Oh, and they’ll probably claim to have a cousin “with the same thing as you” and that he’s doing “just fine”. (He’s not, and you don’t have the same symptoms.)
There’s no easy or guaranteed way to deal with people like this – you should really just try to exit the conversation- but if you’re stuck with them, sometimes it helps if you just quote things your doctor has told you.
They’ll take the word of a professional more seriously, and even if they don’t, it moves the target off of you. They’ll probably stop scolding you and go on about how your doctor is an idiot.
Just … shrug and say that it’s easier for you to trust the experts.
For every bad-faith question, and every assertion that you can do something you know isn’t possible, just shut it down with some variation of “my doctor says I can’t.”
Again, don’t lie, just quote what’s been discussed with your doctor – and make sure they know that’s who all this info is coming from.

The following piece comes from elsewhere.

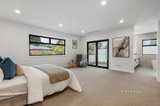 https://images.listonce.com.au/custom/160x/listings/1-pentland-court-glen-waverley-vic-3150/980/01519980_img_08.jpg?oqqkEEPSbhs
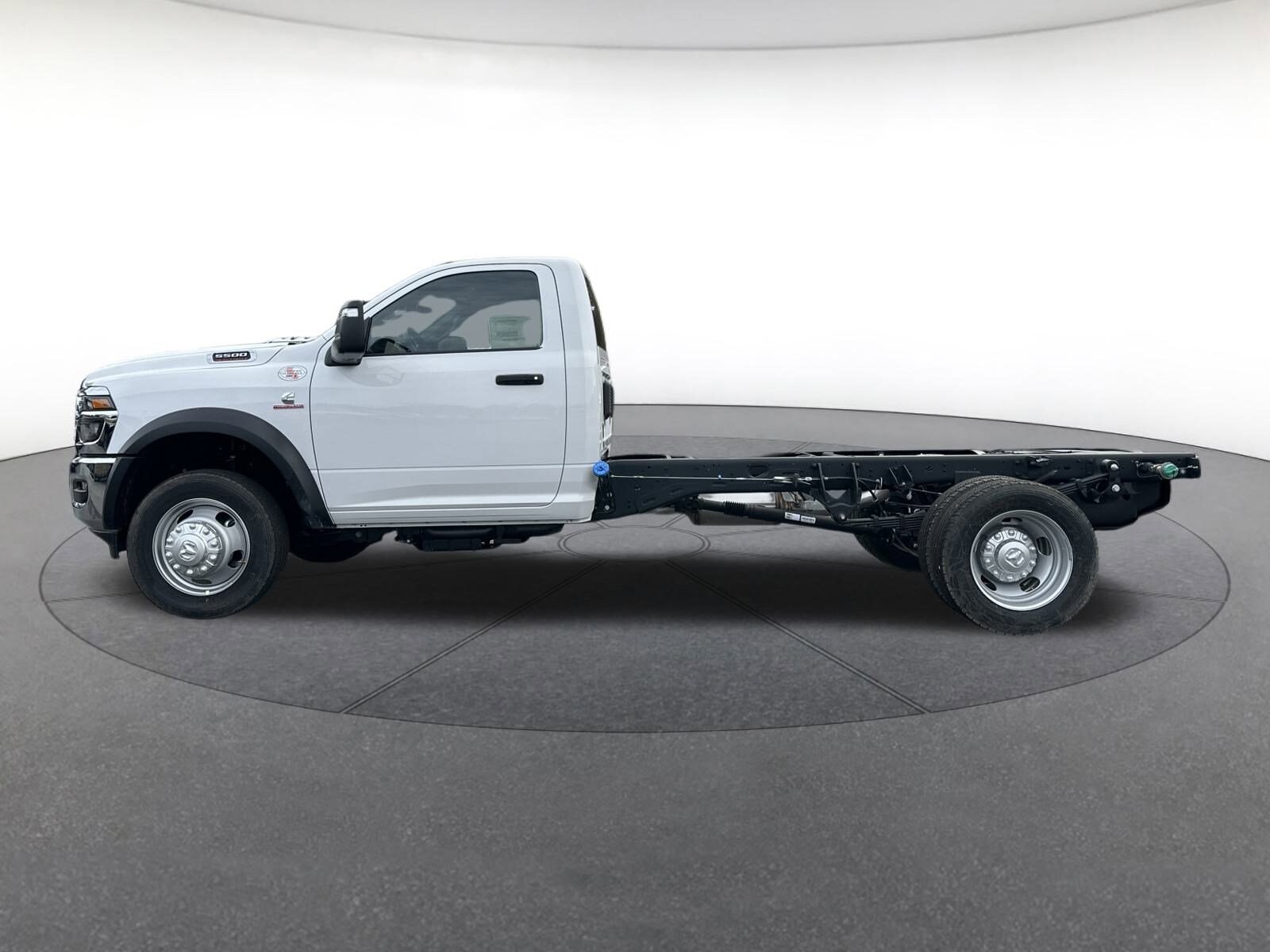 2026 Ram 5500 Tradesman photo 2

3) People who mean well, but don’t understand
I run into plenty of folks who are super nice, and want to understand what I’m dealing with, but simply cannot get it. With how different my world is to theirs, and no comparable experiences, sometimes it just doesn’t click for people.

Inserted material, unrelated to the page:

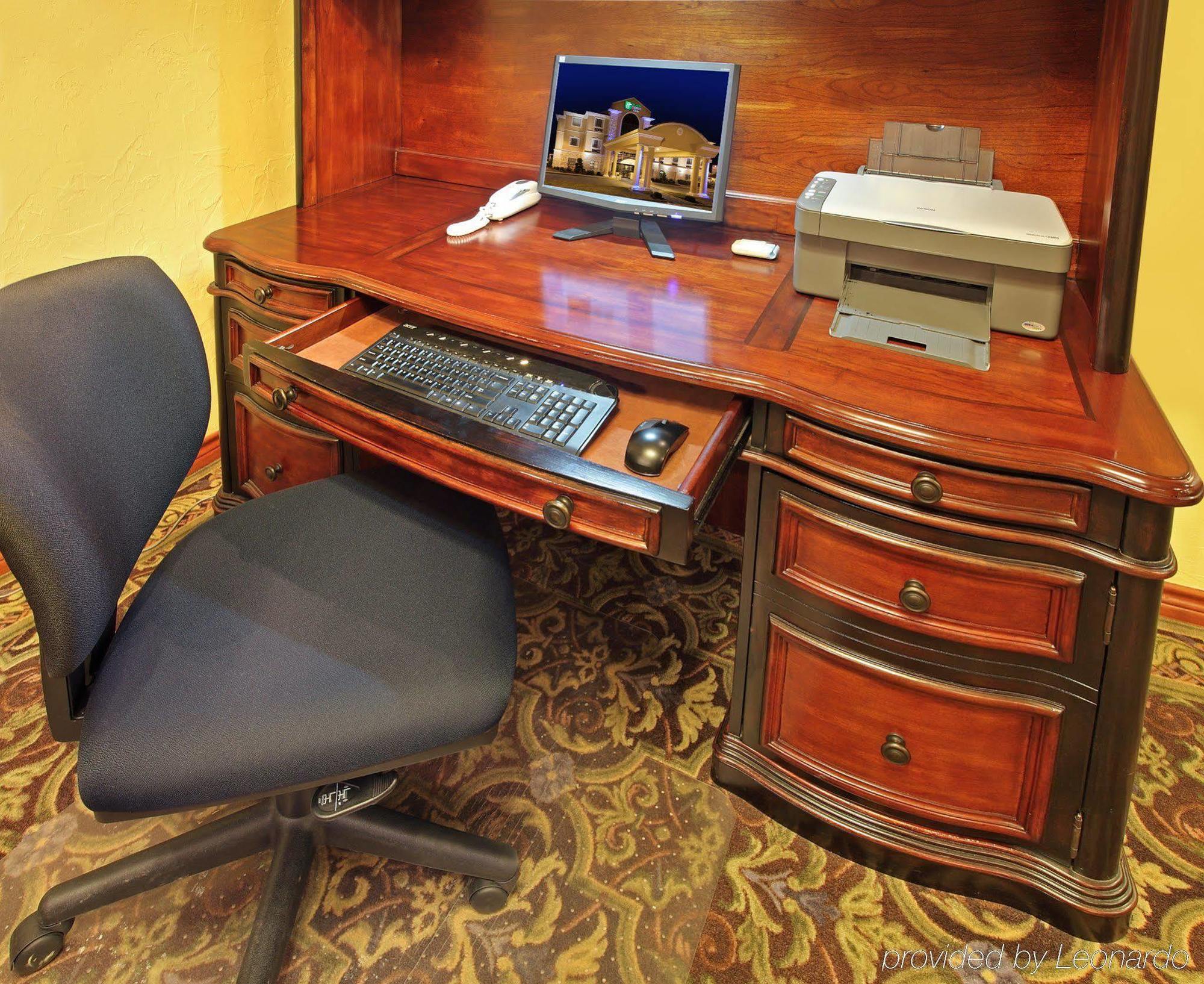 Holiday Inn Express Hotel & Suites Greenville By Ihg Konforlar fotoğraf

This in itself isn’t a problem, you could just drop the conversation- but if you needthem to understand for some reason, this can get really frustrating, and the conversations can drag on for hours.

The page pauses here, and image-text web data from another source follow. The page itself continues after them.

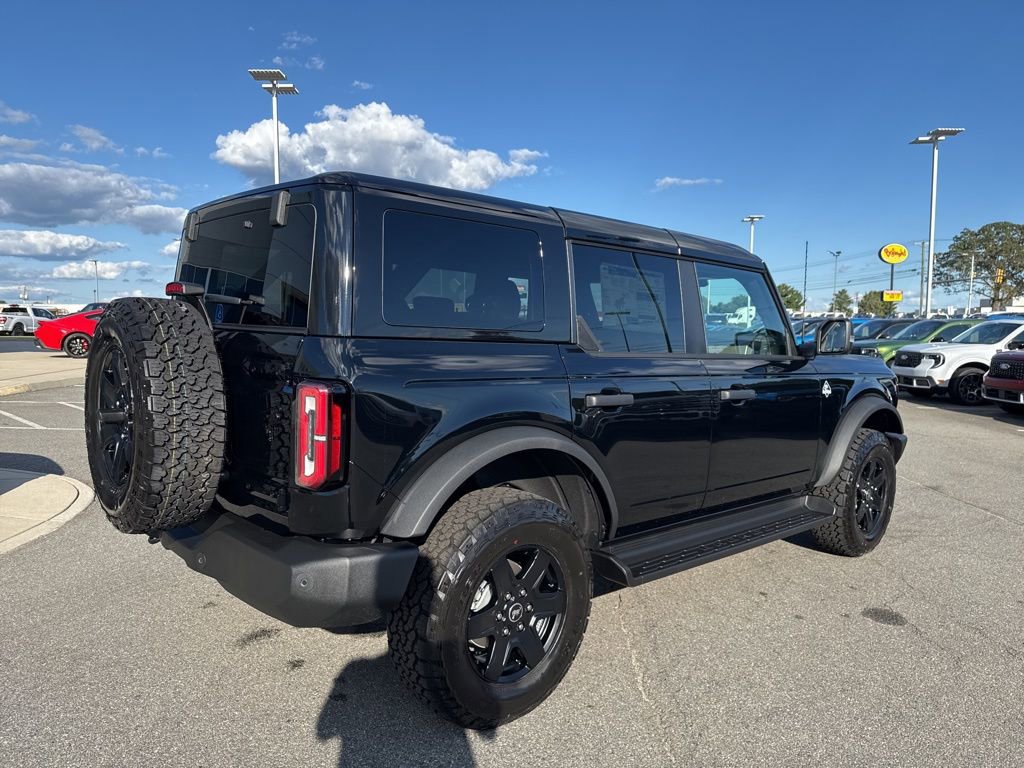 New 2025 Ford Bronco Outer Banks image 3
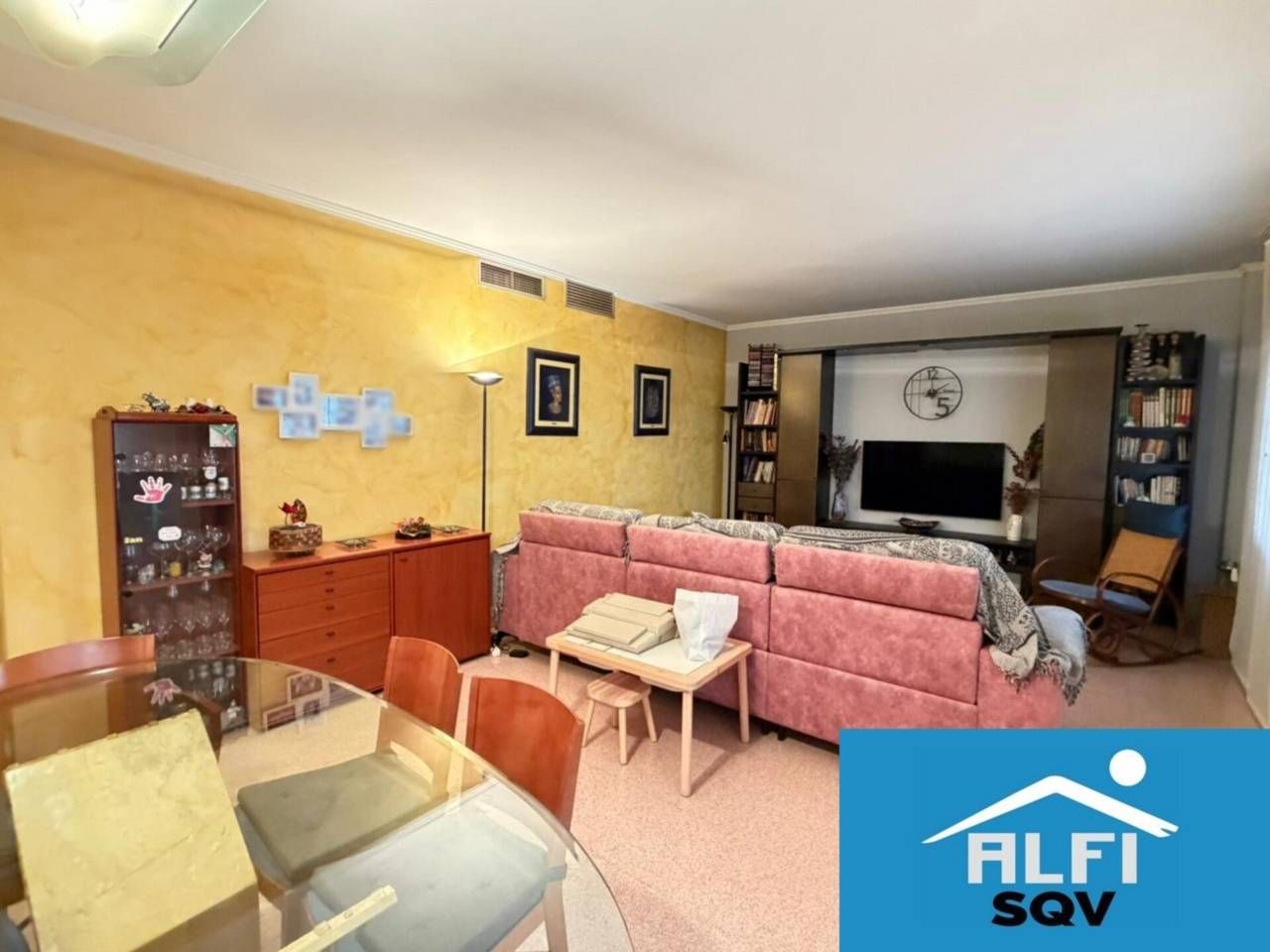 Sala d'estar de Pis en venda en Sant Quirze del Vallès amb Calefacció, Traster i Moblat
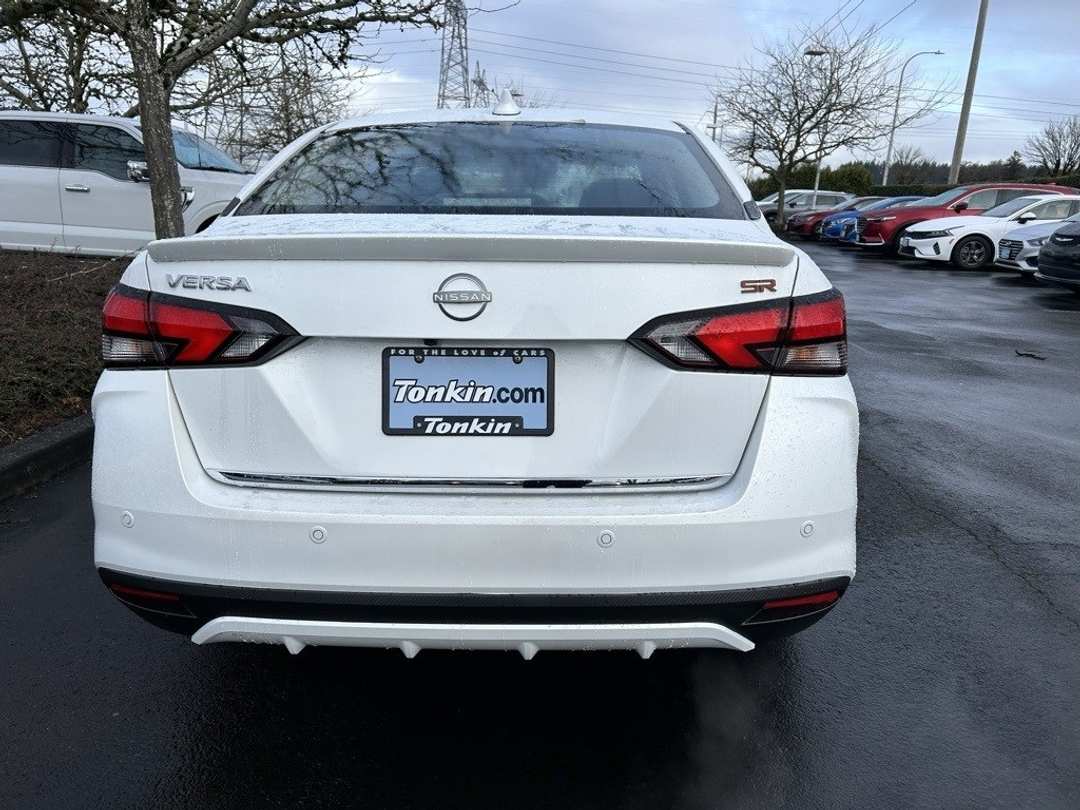 2025 Nissan Versa 1.6 SR - Image 6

People tend to zone out or get confused when I get into specifics, especially when medical terms start popping up. They just start drowning and don’t process anything after that point.
For example, if I mention that I’ve got Depersonalization-Derealization Disorder, yeah, they already checked out ten syllables ago. People get thrown off by long, technical jargon, and tune out when they assume it’ll be too hard for them to understand.
Chances are, they could understand if they tried, but they spook themselves out of it because it’s so unfamiliar. I kinda do the same with maths, and … whatever those Labubu things are.
Anyway, keep it simple. Try to describe symptoms, not titles. Describe what you’re experiencing in everyday terms, not technical or scientific ones. The simpler and easier it is for people to understand, the more likely that they’ll listen and follow your requests for support.
One of the many conditions I live with is called sleep apnea. Rather than get into specifics about it, or even use the name, I’ll just tell people “oh, I’ve got a sleeping disorder”.
If that’s not enough, I’ll tell them the impacts:
“I don’t actually sleep.”
“I’m always dizzy.”
“I’ve always got a headache.”
Just cut it down to the essentials. Broad, sweeping highlights that capture the worst of it and get the point across without spacing them out, or wearing yourself out.
And hey, be safe – don’t reveal any more than you need to. Only your doctors, carers and closest loved ones need to know specifics. If you’re not comfortable sharing details about your condition, or worry that someone may exploit that knowledge, you don’t need to tell them. It’s okay to keep things vague.
My advice? Just sit down with someone you trust, and practice different ways to condense your story while still getting the essentials across. Practice that out in the field a bit, tweak it as you go, and eventually you’ll hone it down to a sentence or two that requires little energy or emotional labour.
At the end of the day, this is what works for me.
But eventually, society at large needs to learn about what our reality is. Having to tiptoe around people’s ignorance- wilful or not- is not something we should have to do forever. Non-disabled people can’t learn everything overnight, and that’s okay, but that process does need to start.
Look – for now, this is how I get through these conversations, and it works, but I don’t intend to spend my whole life skimming over what I endure, and neither should you.
Never be ashamed to talk about your disability or health issues- but if you want to save time and headaches on people who just aren’t worth the argument… meh, sometimes you just deserve the break.